Chapter 39 Exercises: Race, Representation, and Data Justice

DataField.Dev

Chapter 39 Exercises: Race, Representation, and Data Justice

Exercise 39.1 — Census Undercount Impact Analysis (Individual, 60 minutes)

Using publicly available data from the Census Bureau's Post-Enumeration Survey (available at census.gov), complete the following:

Part A: Identify the five states with the largest estimated net undercount for Hispanic residents and the five states with the largest estimated net undercount for Black residents in the 2020 Census. Are there any states that appear on both lists?

Part B: For each of those states, look up the current congressional delegation and determine whether any congressional districts are designated as majority-minority districts (districts where a racial or ethnic minority group constitutes a majority of the voting-age population).

Part C: Write a 400-word analysis explaining how the undercount in those specific states could affect: (a) congressional apportionment; (b) the drawing of majority-minority districts; (c) federal funding distributions. Be specific about the mechanisms of each effect.
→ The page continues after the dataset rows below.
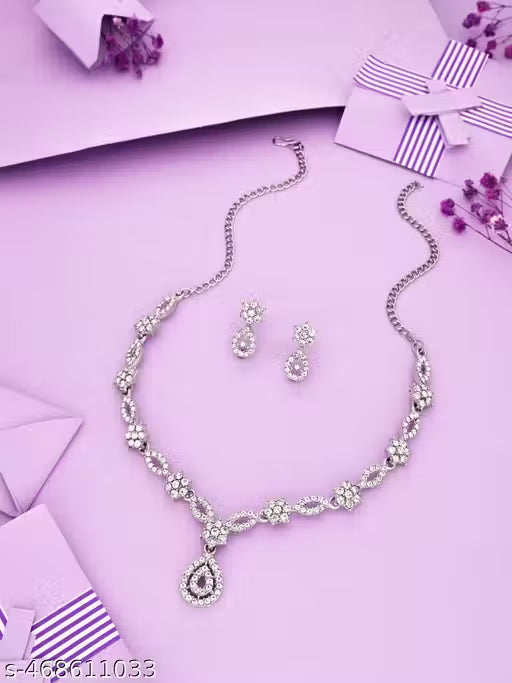 Brass, Stone, Stainless Steel silver-plated white Jewel Set (Pack of 1)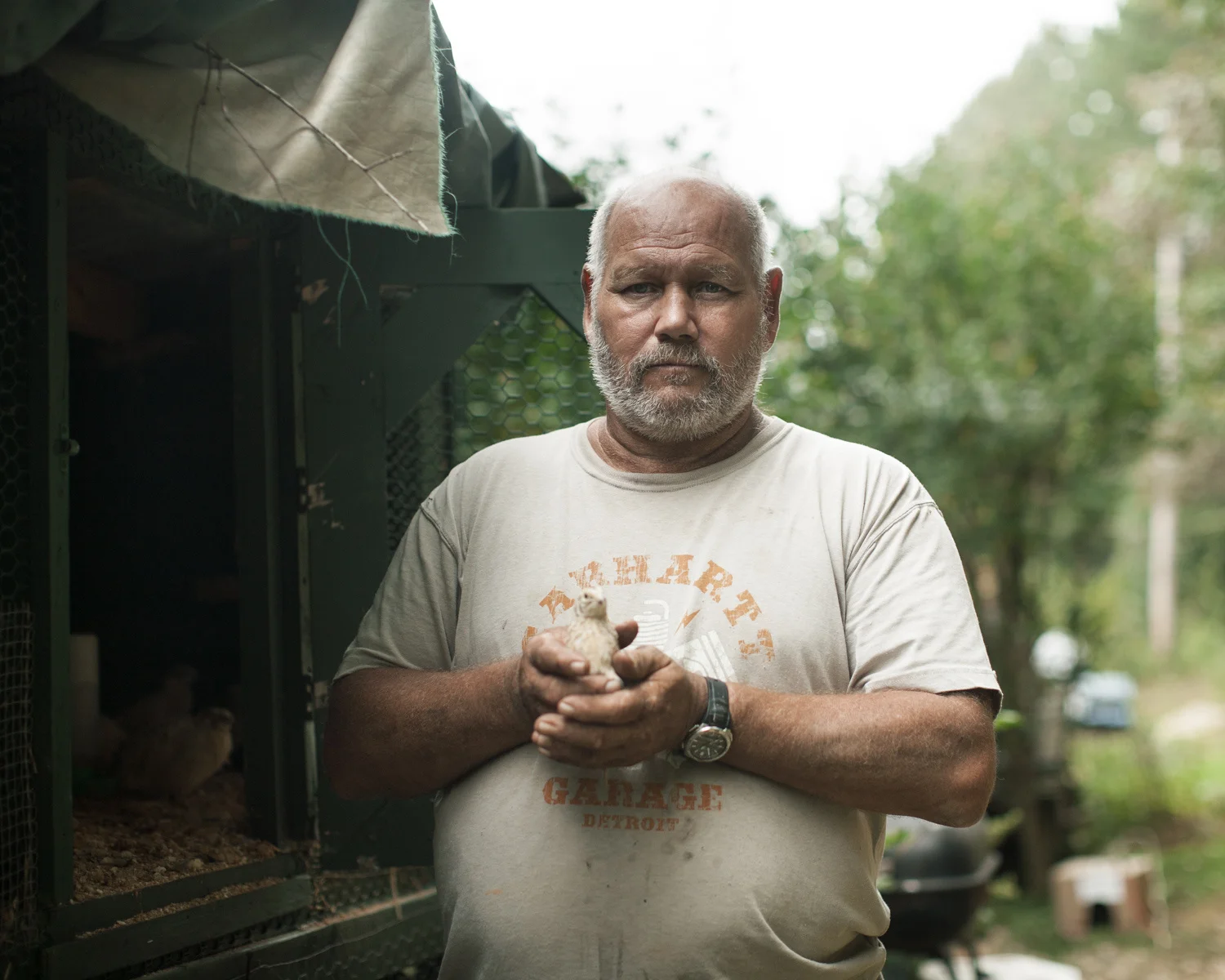 Elle Olivia Andersen . September 28th, 2014. Donnie holds one of his quails outside of his home in Pickens, Pickens County, South Carolina. I met Donnie on the side of the road where he sells and trades pieces of scrap metal. After talking to him for a while, he began to take me around his home and show me his pigs and chickens and I met his wife, Pat. He was most excited about showing me his quails in which he says he owns fourteen peanut butter quails, five zebra quails and five snowflake quails. I asked him which were his favorite, he replied" All of 'em. They will lay eggs but will not set. But the ones in the wild will. These right here is wild as a buck. They get loose, they gone. I just got into collecting them, I don't know why I did".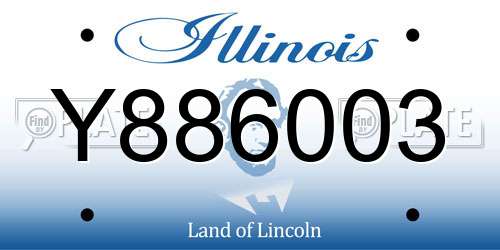 Y886003 Illinois License Plate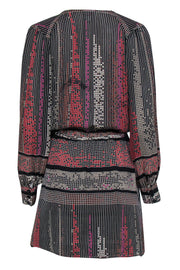Current Boutique-Parker - Black & Multicolor Printed Wrap Front Mini Dress Sz S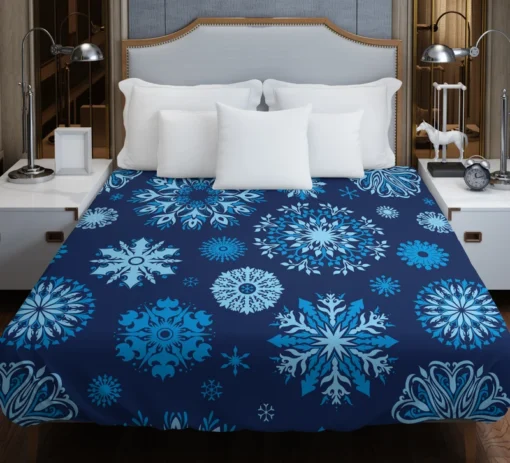 Indigo Blue Snowflakes Pattern Duvet Cover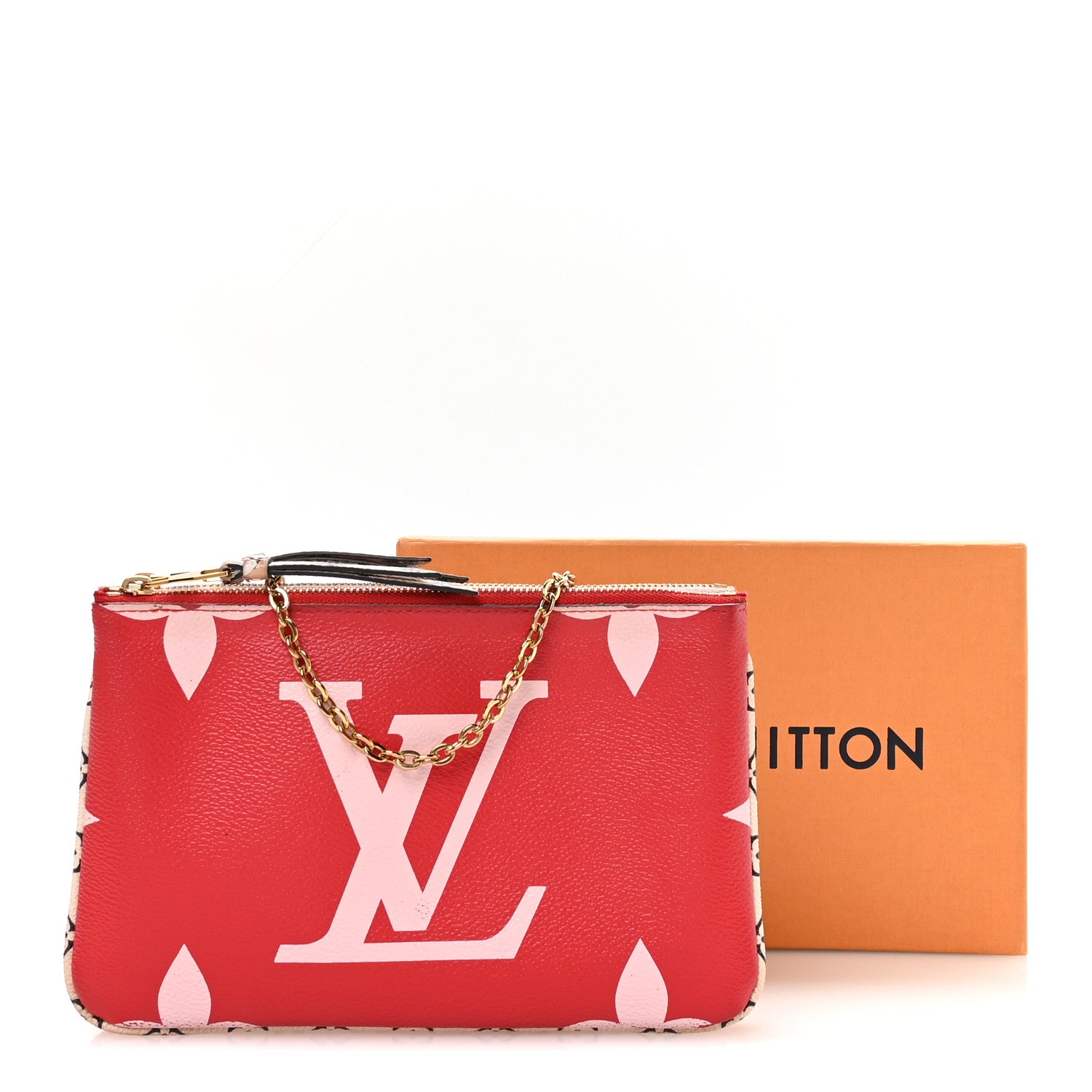 Louis Vuitton Monogram Giant Double Zip Pochette Rouge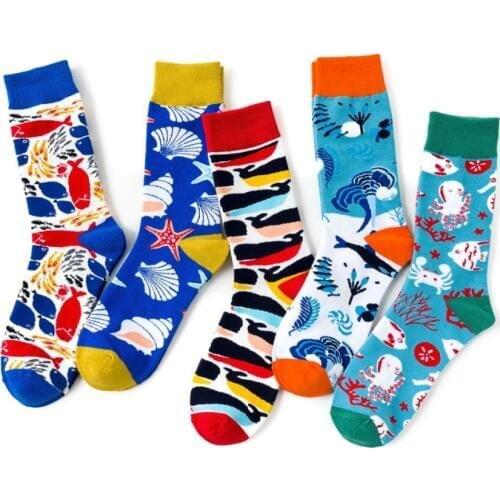 Womens Socks Sea Animals Shell Shark Fish 85% Cotton Creative High Quality Cute Happy Cartoon Adult Casual Crew Socks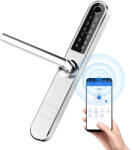 Portass-key Incuietoare inteligenta argintiu pentru usi termopan PVC interior exterior, deschidere cu amprenta, cod, card, bluetooth, wi-fi, cheie, aplicatie TTLock (UPGW005)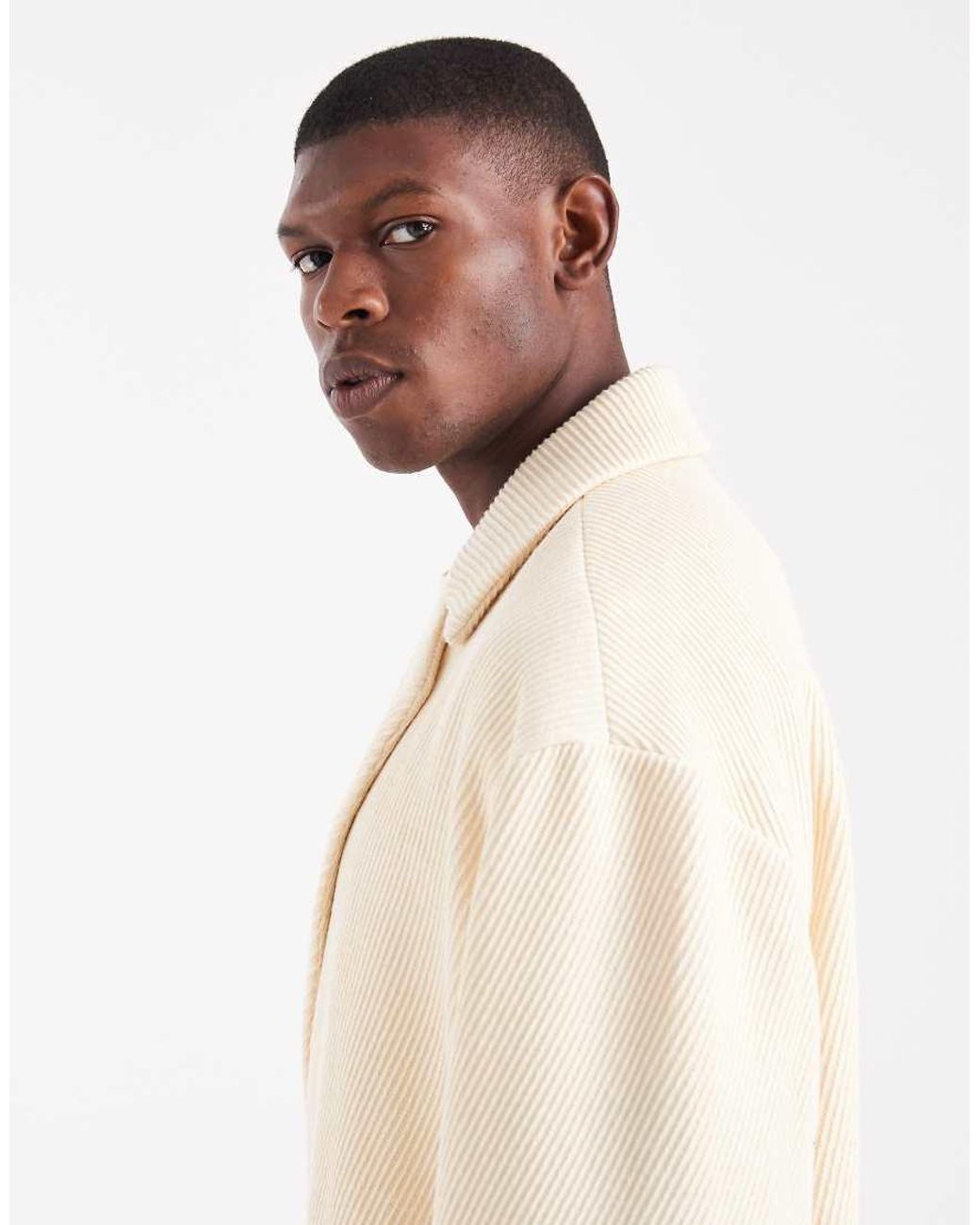 ASOS White Oversized Long Wool Look Overcoat for men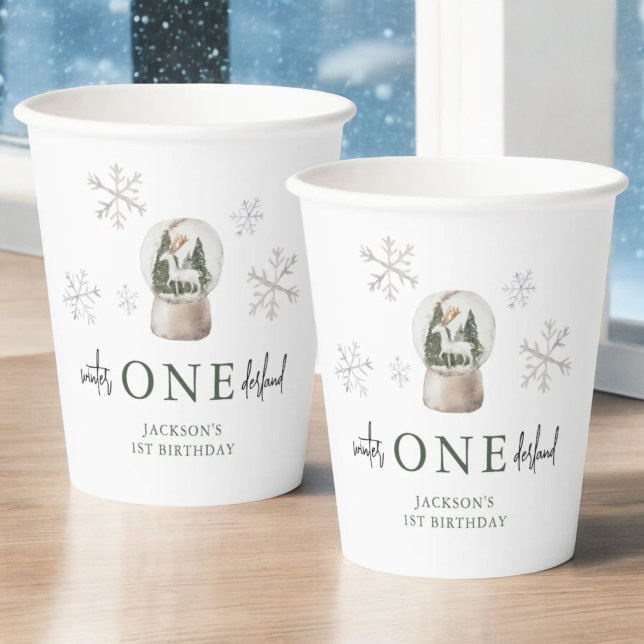 Mountain Winter Onederland 1st Birthday Party Paper Cups (Creator Uploaded)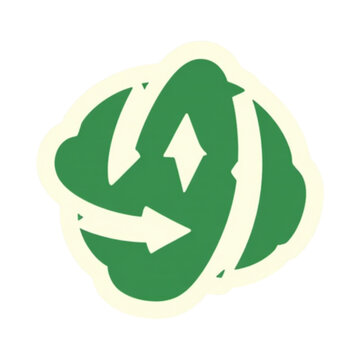 Green recycling arrows globe sticker icon in flat style with cream border on white background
Part D: Research one federal program with a funding formula based directly on Census counts. Describe the formula and estimate the per-person impact of a 5% undercount in a state where the affected population constitutes 15% of the total.

Exercise 39.2 — Polling Methodology Audit (Pairs, 45 minutes)

Locate two publicly released polls from the same state and the same 30-day period from a recent election cycle. The polls should ideally be on the same race or ballot measure. Try to find polls with different levels of methodological transparency.

For each poll, answer the following questions if the information is available:

What was the racial/ethnic composition of the sample?
What weighting variables were used?
Were results reported separately for any racial/ethnic subgroups?
What was the margin of error for any reported subgroup results?
Was the survey fielded in languages other than English?
What was the overall response rate, and was a differential response rate by subgroup reported?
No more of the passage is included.